Monsoon everywhere; greenery everywhere;
Togetherness here; feeling deepest love here.

My Love – Diodes Chirag Patel Jun, 1996

My Love – Diodes
Chirag Patel Jun, 1996

Evanescent world, that you are living in;
Lonely diodes, true martyrs you are indeed.

Ever I see, I feel dearth of you;
Carnage of yours, changed the era.

Truly saying, then began the second generation;
Roaming here and there, we met the ICs.

On the way to success, made the neural paths;
Neural networks are the fruits whose seeds you are.

Intellectual Intel made the Pentium;
Consummate – it is indeed; proved-
Success is to flow like water thru’ a road of rocks.

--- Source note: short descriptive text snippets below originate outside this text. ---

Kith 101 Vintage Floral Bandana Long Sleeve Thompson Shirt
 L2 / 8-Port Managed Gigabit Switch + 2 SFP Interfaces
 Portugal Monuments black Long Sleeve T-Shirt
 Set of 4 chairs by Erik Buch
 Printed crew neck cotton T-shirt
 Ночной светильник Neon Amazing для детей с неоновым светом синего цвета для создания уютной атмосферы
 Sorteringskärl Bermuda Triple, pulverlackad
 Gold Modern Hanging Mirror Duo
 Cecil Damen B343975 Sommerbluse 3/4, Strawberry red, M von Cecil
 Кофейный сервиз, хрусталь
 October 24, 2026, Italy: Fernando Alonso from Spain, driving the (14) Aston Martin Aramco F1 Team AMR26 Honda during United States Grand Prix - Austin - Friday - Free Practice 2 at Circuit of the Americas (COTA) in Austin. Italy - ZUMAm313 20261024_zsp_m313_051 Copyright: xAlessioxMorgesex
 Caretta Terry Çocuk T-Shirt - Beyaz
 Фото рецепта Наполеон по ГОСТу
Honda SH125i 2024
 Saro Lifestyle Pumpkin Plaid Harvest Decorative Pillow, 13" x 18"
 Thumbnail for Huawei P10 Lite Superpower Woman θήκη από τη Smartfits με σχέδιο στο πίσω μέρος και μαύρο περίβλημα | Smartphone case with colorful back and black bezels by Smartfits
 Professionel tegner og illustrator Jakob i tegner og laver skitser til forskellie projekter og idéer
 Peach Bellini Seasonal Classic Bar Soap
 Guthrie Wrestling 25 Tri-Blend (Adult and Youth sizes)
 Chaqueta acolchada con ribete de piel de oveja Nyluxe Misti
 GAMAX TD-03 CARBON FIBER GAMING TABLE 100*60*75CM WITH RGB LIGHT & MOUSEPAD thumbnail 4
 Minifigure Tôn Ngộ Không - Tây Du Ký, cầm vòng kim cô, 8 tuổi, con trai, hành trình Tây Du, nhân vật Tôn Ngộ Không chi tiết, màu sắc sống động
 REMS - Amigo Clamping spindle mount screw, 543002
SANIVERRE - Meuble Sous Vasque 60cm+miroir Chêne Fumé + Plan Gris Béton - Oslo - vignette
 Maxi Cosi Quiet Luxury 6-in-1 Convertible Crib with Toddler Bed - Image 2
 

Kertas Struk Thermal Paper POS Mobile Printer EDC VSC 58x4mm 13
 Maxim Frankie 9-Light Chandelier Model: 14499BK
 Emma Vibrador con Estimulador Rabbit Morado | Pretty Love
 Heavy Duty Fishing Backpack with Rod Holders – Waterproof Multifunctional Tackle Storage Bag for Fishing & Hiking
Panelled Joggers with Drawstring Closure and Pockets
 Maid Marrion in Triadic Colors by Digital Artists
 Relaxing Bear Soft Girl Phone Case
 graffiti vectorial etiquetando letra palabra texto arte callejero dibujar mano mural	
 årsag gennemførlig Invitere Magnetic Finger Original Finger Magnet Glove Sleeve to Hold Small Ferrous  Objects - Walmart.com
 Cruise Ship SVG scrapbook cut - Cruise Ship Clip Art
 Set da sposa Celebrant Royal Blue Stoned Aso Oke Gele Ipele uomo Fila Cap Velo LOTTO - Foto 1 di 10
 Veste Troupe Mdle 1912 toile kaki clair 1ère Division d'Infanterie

Twinkling Heart – Chirag Patel

Twinkling Heart – Chirag Patel

I want to reach that land farthest.
I want to wander on that land farthest.

All watered mirages of this heart,
All palaces built with sand,
I want to reach that land farthest.

Seeing thru’ eyes of mind,
Fluttering wings of hands,
I want to reach that land farthest.

To receive gift of education,
To give treasure of knowledge,
I want to reach that land farthest.

To enjoy life,
To remove layer of Maya,
I want to reach that land farthest.

Departing from all that were in heart,
With drops of heart from beloved,
I want to reach that land farthest.

O my aunt-land,
I left behind mother for your love.
I am here to explore your womb.
I am here to reap riches.

Please, do not make me cry a lot.
Please, do not remove memories of dear ones.

Let me have memories of my sweetheart,
Accept me at your lotus feet, please.